● Exercise requirements
Reproduce the lines below exactly, from the one containing "Windschild Puig Touring" through the one containing "La carretera de los perros La", both included. Leave out any pictures.

● The data
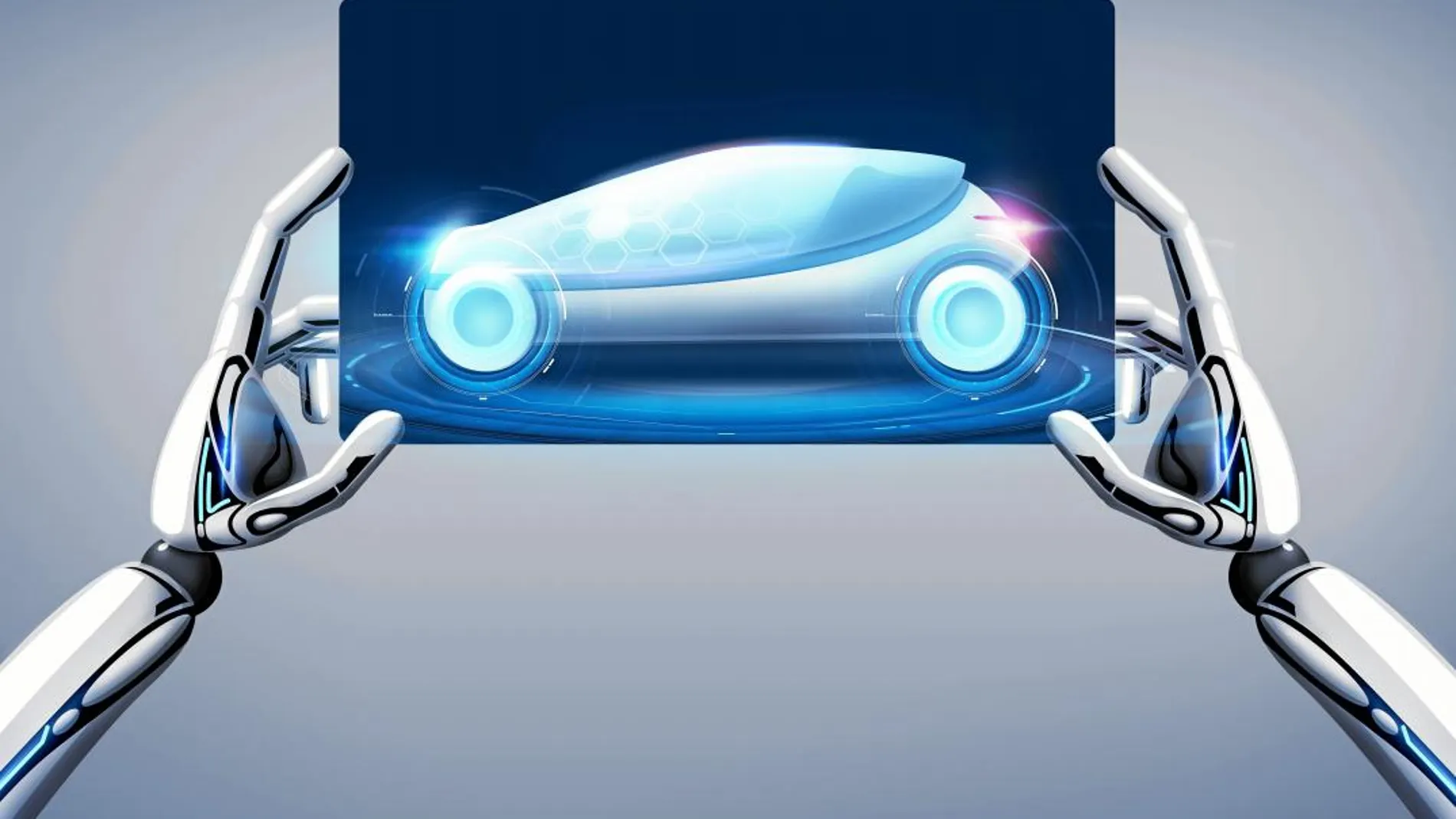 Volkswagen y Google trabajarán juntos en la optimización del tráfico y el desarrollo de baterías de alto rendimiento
...
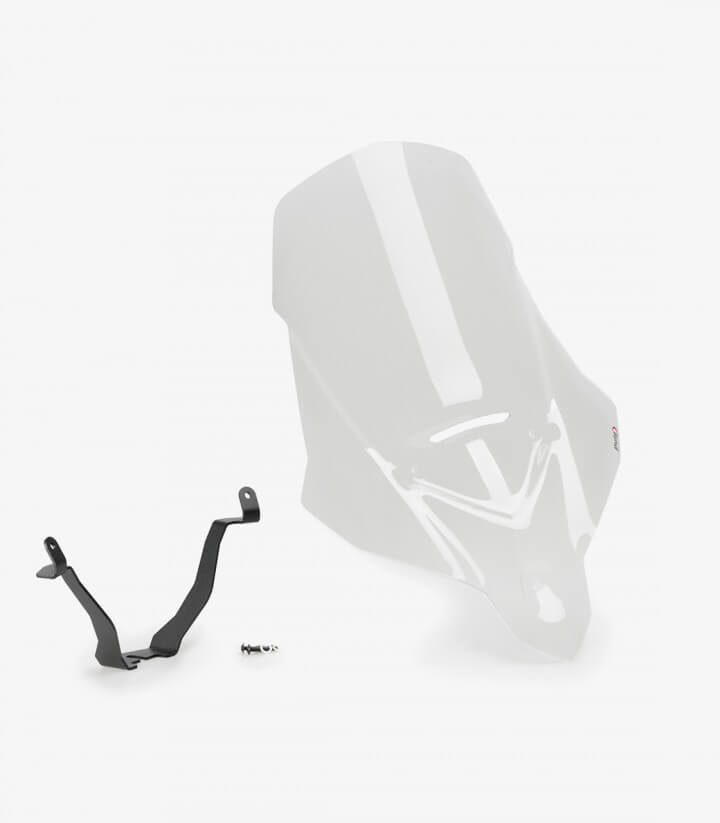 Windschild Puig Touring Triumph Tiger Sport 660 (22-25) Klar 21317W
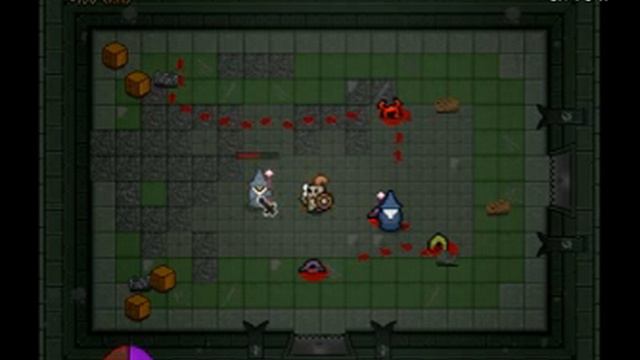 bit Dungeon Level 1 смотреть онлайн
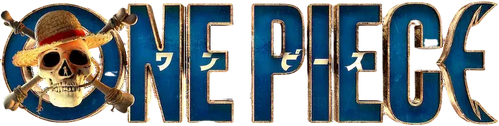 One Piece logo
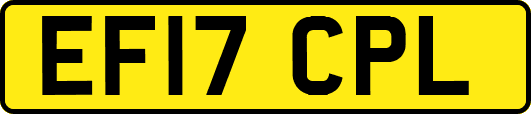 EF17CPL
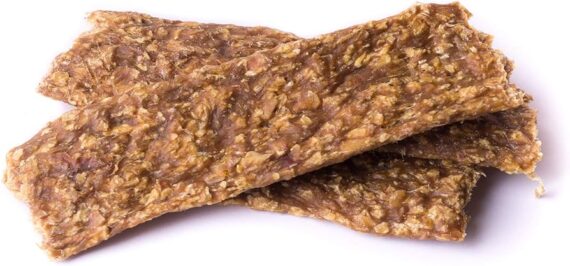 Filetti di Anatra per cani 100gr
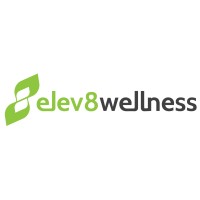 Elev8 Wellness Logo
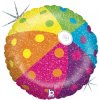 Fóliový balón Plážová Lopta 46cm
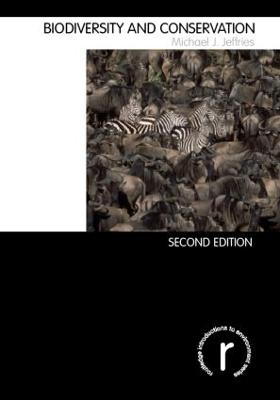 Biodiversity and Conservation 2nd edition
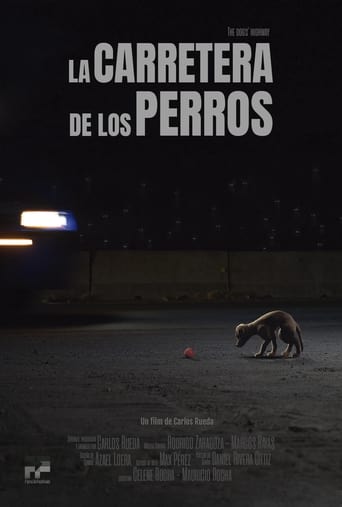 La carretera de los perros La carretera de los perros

● Exercise solution
 Windschild Puig Touring Triumph Tiger Sport 660 (22-25) Klar 21317W
 bit Dungeon Level 1 смотреть онлайн
 One Piece logo
 EF17CPL
 Filetti di Anatra per cani 100gr
 Elev8 Wellness Logo
 Fóliový balón Plážová Lopta 46cm
 Biodiversity and Conservation 2nd edition
 La carretera de los perros La carretera de los perros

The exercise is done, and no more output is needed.